= Heinz Lukas-Kindermann =

German theatre director and intendant (born 1939)

Heinz Lukas-Kindermann (born 1 June 1939) is a German theatre director and intendant.

== Life and career ==
Born in Münster, Lukas-Kindermann is the son of the Austrian theatre scholar Heinz Kindermann. He grew up in Vienna and studied at the University of Music and Performing Arts Vienna. He was then assistant director of Gustav Rudolf Sellner at the Deutsche Oper Berlin.

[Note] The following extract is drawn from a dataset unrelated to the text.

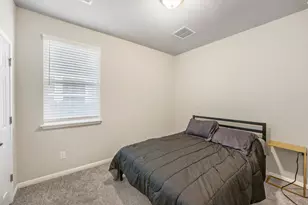 12104 Tolson Dr, Manor, TX 78653 - Photo 12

Afterwards he became chief director of the opera at the Stadttheater Bielefeld and later opera director at the Theater Kiel, the Staatstheater Braunschweig, the Staatstheater Nürnberg as well as the Theater Dortmund.

Lukas-Kindermann also worked at the Deutsche Oper am Rhein in Düsseldorf and Duisburg, the Wiener Staatsoper, the Volksoper Wien, the Opernhaus Zürich, the Staatstheater Hannover, the Berliner Festspiele, but also at the Teatro Nacional de São Carlos in Lisbon, the Savonlinna Opera Festival, the Vlaamse Opera in Antwerp, the Staatsoper Prague.

From 1995 to 2004, Lukas-Kindermann was director of the Theater Trier, where he co-founded among other things the Antikenfestspiele. He directed a production of Korngold's Das Wunder der Heliane in Brno.